Sesuai dengan fungsinya setiap penyelenggara
negara harus mempunyai kesadaran dan komitmen bahwa dalam menjalankan
penyelenggaraan negara tidak boleh ada perlakuan diskriminasi pada setiap warga
negaranya sebagaimana tertuang dalam UUD 1945 Pasal 27 ayat (1). Hal ini juga
berarti bahwa di Indonesia tidak boleh ada perlakuan diskriminasi di berbagai
bidang kehidupan. Pelayanan publik sebagai salah satu fungsi utama
penyelenggara negara dalam lingkup Eksekutif harus benar-benar menjunjung
tinggi asas kedudukan yang sama bagi setiap warga negara di hadapan hukum,
menegakkan hukum dengan adil dalam arti tidak ada pembedaan baik dari warna
kulit, golongan, suku, etnis, agama dan jenis kelamin; dan apabila dalam
pelaksanaannya terhadap peraturan perundang-undangan yang bersifat
diskriminatif dan melanggar prinsip keadilan harus berani ditindaklanjuti
dengan langkah menghapus dan/atau melakukan berbagai perubahan.
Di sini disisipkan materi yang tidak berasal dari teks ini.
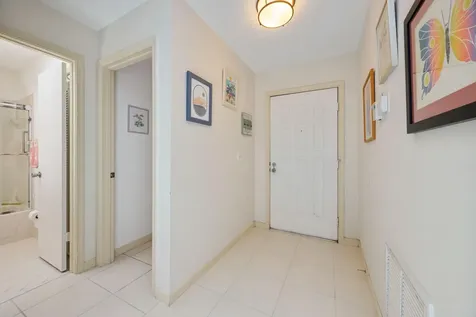 22 Ridge Pointe Drive Boynton Beach FL 33435
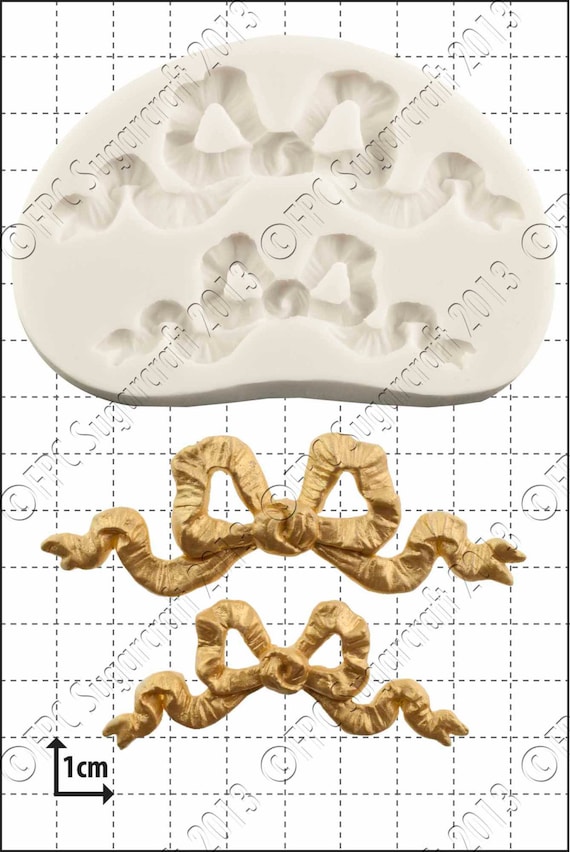 Bow mould top
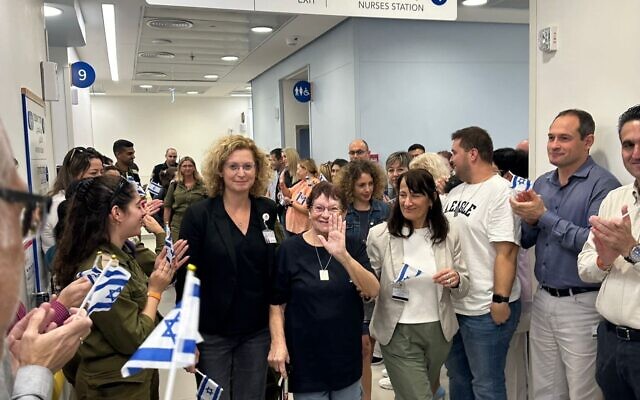 Hannah Peri, au centre, quitte le centre médical Wolfson, le 26 novembre 2023, après avoir été libérée de captivité à Gaza deux jours plus tôt. (Autorisation)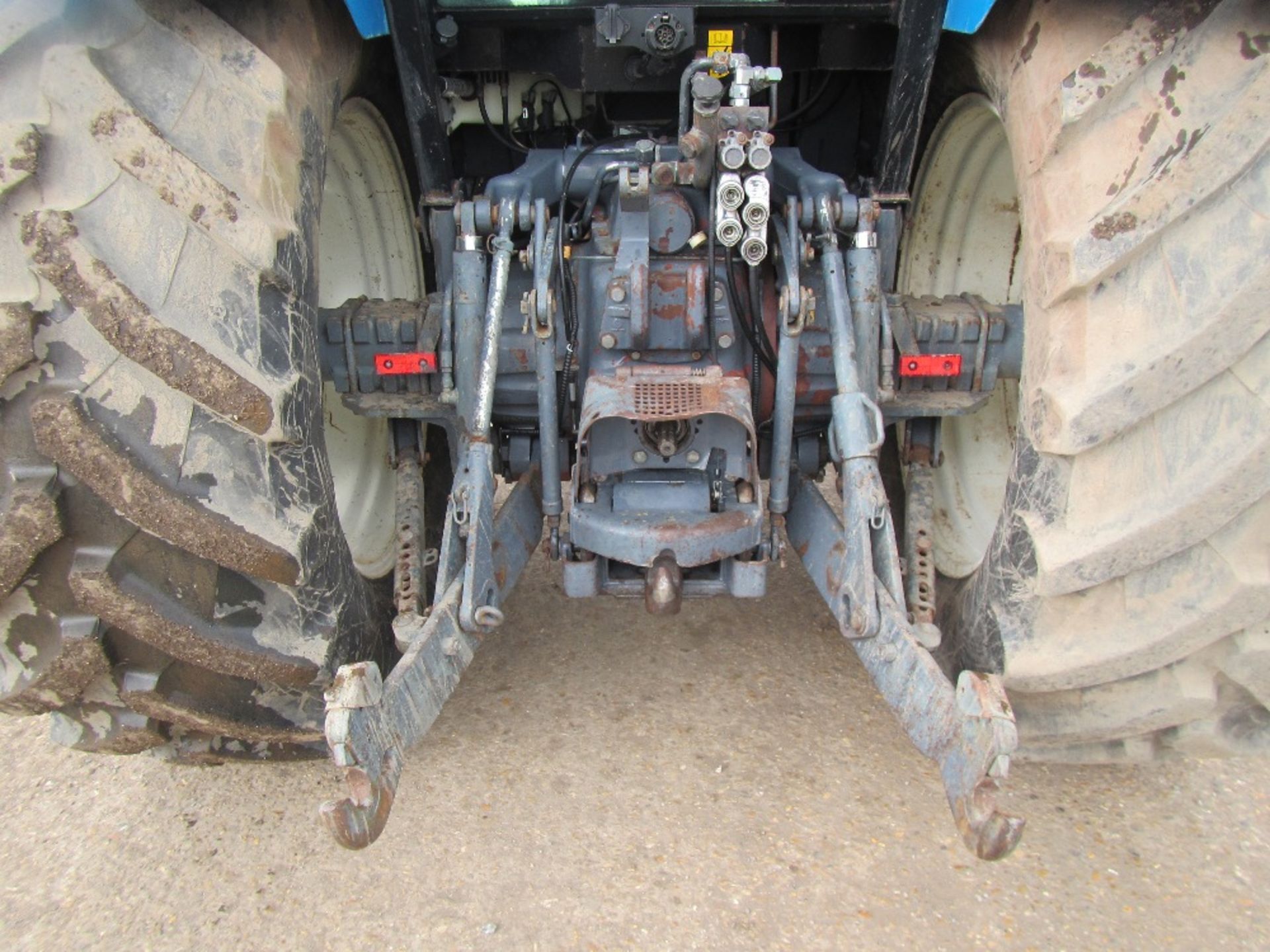 New Holland 8340 SLE 4wd Tractor. V5 will be supplied Reg. No. N243 SCN Ser No 025324B - Image 7 of 17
Pelaksana peraturan perundang-undangan
memegang peranan yang sangat menentukan. Walaupun peraturan perundang-undangan
yang dibuat telah dipersiapkan dengan baik, namun manusia yang berada di
belakang peraturan tersebut sangat menentukan yaitu mereka yang menerapkan dan
menegakkan hukum serta yang memberikan pelayanan hukum. Dalam praktik,
perlakuan diskriminasi dialami oleh warga negara, lembaga/instansi pemerintah,
lembaga swasta/dunia usaha oleh aparat yang melakukan pelayanan publik.
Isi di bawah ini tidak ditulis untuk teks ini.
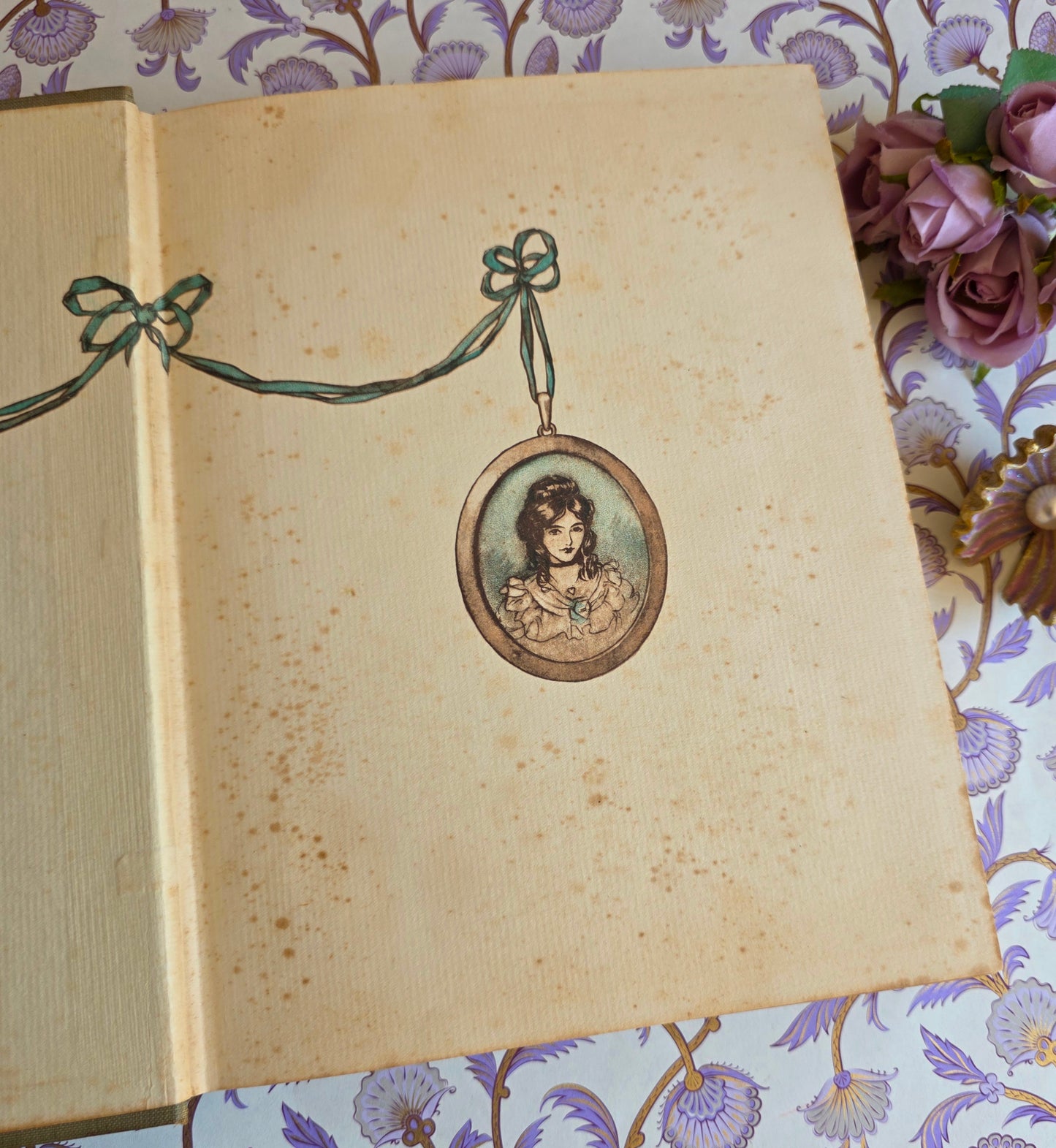 1913 Vanity Fair by William Makepeace Thackeray - Large Antique Illustrated Book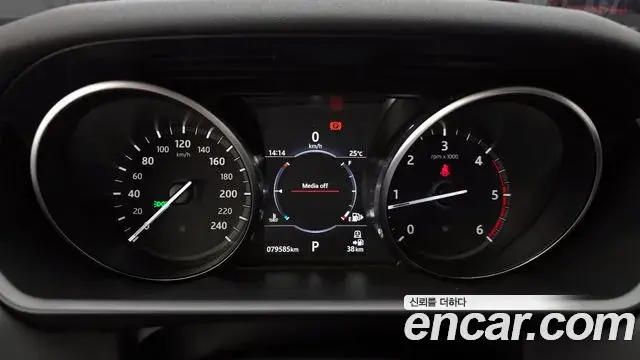 Land Rover Discovery 5 2018 — ფოტო 4/32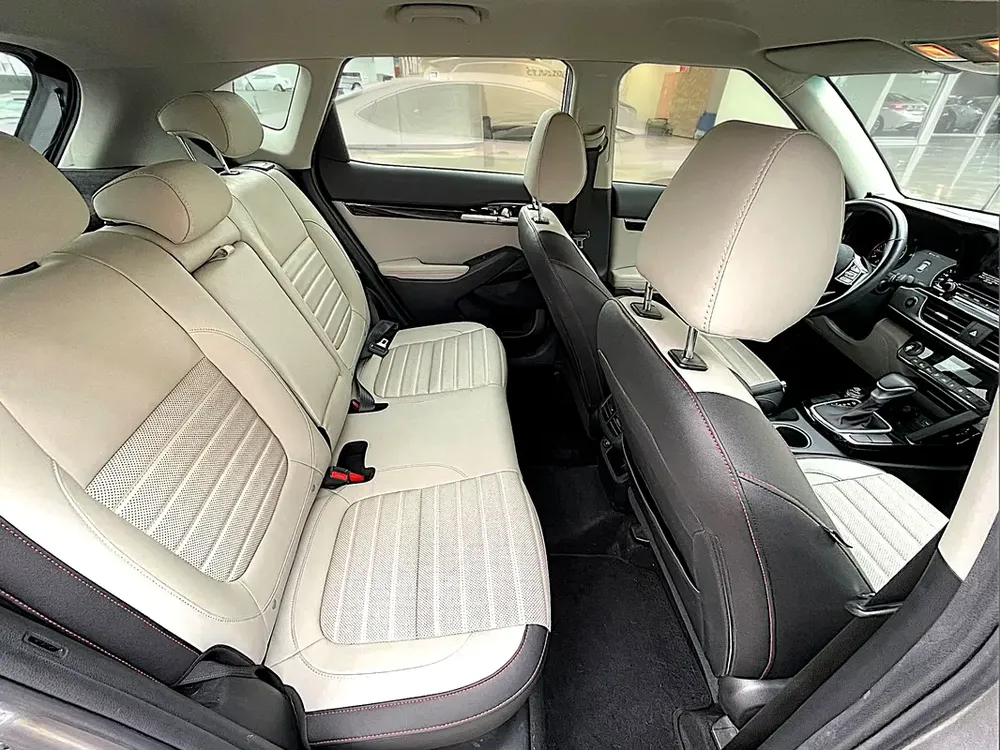 AED 976 P.m | Kia Seltos GT Line 2022 GCC Specs - Excellent Condition | Under warranty - Image 19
Perlakuan diskriminasi tersebut pada akhirnya berujung pada praktik korupsi,
kolusi dan nepotisme. Hal tersebut terjadi karena pelaksana hukum (aparat)
cenderung dipandang lebih tinggi dari masyarakat yang membutuhkan pelayanan
publik. Kondisi tersebut sampai saat ini masih terus terjadi karena masih
terdapatnya kesenjangan antara pihak yang memerlukan dengan pihak yang
memberikan pelayanan publik.
Peningkatan Kesadaran akan hak dan kewajiban
hukum masyarakat. Peningkatan kesadaran masyarakat terhadap hak dan kewajiban
hukum tetap mensyaratkan antara lain tingkat pendidikan yang memungkinkan untuk
dapat memahami dan mengerti berbagai permasalahan yang terjadi. Dua pihak
berperan penting yaitu masyarakat dan kualitas aparat yang bertugas melakukan
penyebarluasan hukum dan berbagai peraturan perundang-undangan. Walaupun
tingkat pendidikan sebagian masyarakat masih kurang memadai, namun dengan
kemampuan dan profesionalisme dalam melakukan pendekatan penyuluhan hukum ke
dalam masyarakat, pesan yang disampaikan kepada masyarakat dapat diterima
secara baik dan dapat diterapkan apabila masyarakat menghadapi berbagai
persoalan yang terkait dengan hak dan kewajiban mereka[1].
B.
Bentuk Diskriminasi yang ada di
Masyarakat
bentuk-bentuk diskriminasi ada 2 yaitu :
1.
Diskriminasi kasar—aksi negatif
terhadap objek prasangka rasial, etnis, atau agama—dan kriminalitas berdasarkan kebencian (hate crimes)—kriminalitass yang
berdasar pada prasangka rasial, etnis, dan tipe prasangka lainnya. Contoh:
James Byrd seorang lelaki afro-amerika yang diseret dibelakang truk hingga
meninggal oleh seorang laki-laki berkulit putih dengan prasangka tinggi.
2.
Diskriminasi halus: rasisme
modern (rasial implicit)—rasisme
berusaha menutup-nutupi prasangka di tempat umum, tetapi mengekspresikan
sikap-sikap mengecam ketika hal itu aman dilakukan—dan tokenisme—contoh di mana
individu menunjukkan tingkah laku positif yang menipu terhadap anggota kelompok
out-group kepada siapa mereka merasakan prasangka yang kuat. Kemudian tingkah
laku tokenistic ini digunakan sebagai alasan untuk menolak melakukan aksi yang
lebih menguntungkan terhadap kelompok ini. Contoh: sebuah bank yang
mempekerjakan orang dari etnis tertentu, supaya tidak disangka melakukan
diskriminasi juga mempekerjakan masyarakat pribumi. Namun, masyarakat pribumi
ini nantinya akan dipersulit untuk kenaikan jabatan.
C.
Mengatasi berbagai bentuk
Diskriminasi
Beberapa
ketentuan yang merupakan suatu upaya untuk menghapuskan tindakan diskriminasi,
antara lain sebagai berikut.
a)
Diskriminasi terhadap perempuan
perlu mendapatkan perhatian yang lebih mengingat khusus diskriminasi terhadap
perempuan itu, Indonesia telah meratifikasi CEDAW dengan UU No. 7 Tahun 1984.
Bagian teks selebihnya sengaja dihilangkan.